'''

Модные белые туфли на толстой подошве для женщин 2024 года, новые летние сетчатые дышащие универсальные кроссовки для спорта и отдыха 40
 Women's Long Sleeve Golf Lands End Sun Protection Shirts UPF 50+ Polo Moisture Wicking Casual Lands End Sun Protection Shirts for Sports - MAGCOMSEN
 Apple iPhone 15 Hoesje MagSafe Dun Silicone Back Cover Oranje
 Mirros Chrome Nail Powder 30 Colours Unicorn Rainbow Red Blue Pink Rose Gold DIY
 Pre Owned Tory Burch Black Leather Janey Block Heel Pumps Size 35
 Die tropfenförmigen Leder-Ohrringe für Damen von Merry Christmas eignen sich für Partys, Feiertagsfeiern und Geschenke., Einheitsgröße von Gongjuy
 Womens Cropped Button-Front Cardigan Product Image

'''

** What is required **
Repeat exactly the lines from the one containing "Apple iPhone 15" to the end of the records.

** Solution to the exercise **
 Apple iPhone 15 Hoesje MagSafe Dun Silicone Back Cover Oranje
 Mirros Chrome Nail Powder 30 Colours Unicorn Rainbow Red Blue Pink Rose Gold DIY
 Pre Owned Tory Burch Black Leather Janey Block Heel Pumps Size 35
 Die tropfenförmigen Leder-Ohrringe für Damen von Merry Christmas eignen sich für Partys, Feiertagsfeiern und Geschenke., Einheitsgröße von Gongjuy
 Womens Cropped Button-Front Cardigan Product Image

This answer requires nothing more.